As you all know, I have been writing a novel and this is the writing community...

This video by Shaun is actually pretty inspiring. The idea that JKRowling went from zero to billionaire by writing a series that had so many stupid mistakes in it lifts quite a burden off my shoulders.

I've seen the Harry Potter movies, they're not bad, nor are they particularly amazing. Well, it is amazing that they actually got made and fully budgeted until the end. The Narnia series after the third movie had to abort to save the wallet of the producers, Pirates of the Caribbean made a deep dive into the bottom of the ocean of low quality, The Hobbit was bad in ways mere mortals are not qualified to explain. I'd have swapped the amount of production effort HP and PotC got to the last movie if I could.

The Harry Potter directors were smart enough to cut out some of JKR's weird shit. I didn't read past the third novel. I only watched the movies, and they did make a good job of toning down the worst parts of the bullying and slavery apologia. I can see where HP movie fans and HP theory readers can have very different understandings of how JKR talked about slavery.

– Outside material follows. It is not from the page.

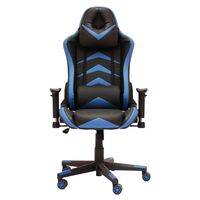 PowerContour Gaming Chair  HOMZY  GOF0015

There is probably a large Venn Diagram intersection of people who downplay the slavery and people who pretended to read the whole series to the end for some kind of clout.

As I write, I'm meticulously paranoid about details that don't mean something later in the story, or dig a hole that later becomes a plothole and gets forgotten instead of filled. In fact, I'm kind of worried that my paranoia could make the novel(s) incompletable.

Sherlock Is Garbage, And Here's Why - Hbomberguy[1:49:52] dabbles a bit on that with the recent BBC sherlock series. He notes a director who is apparently talented at building up, but is utterly incapable of actually building to a destination. I had already felt like Sherlock was off, and Hbomberguy just happened to release a damning video that precisely articulates why I liked individual episodes of Sherlock, but felt the series as a whole wasn't adding up. Because really, it literally was just kind of going nowhere, but with the aesthetics of about to get there. And Sherlock wasn't the first series the director ruined for Hbomberguy.

Game of Thrones is an interesting example. The guy's ending was clearly a shower thought, he built a world, he built several books. Maybe he built something so big he couldn't finish it. This could be me in 10 years (minus the financial success, statistically speaking).

I have to walk the tight rope between a story with no errors or accidental loose ends, but also a story that cleanly arrives with a satisfying destination.

Best of luck to everyone.

  • UmbraVivi [he/him, she/her]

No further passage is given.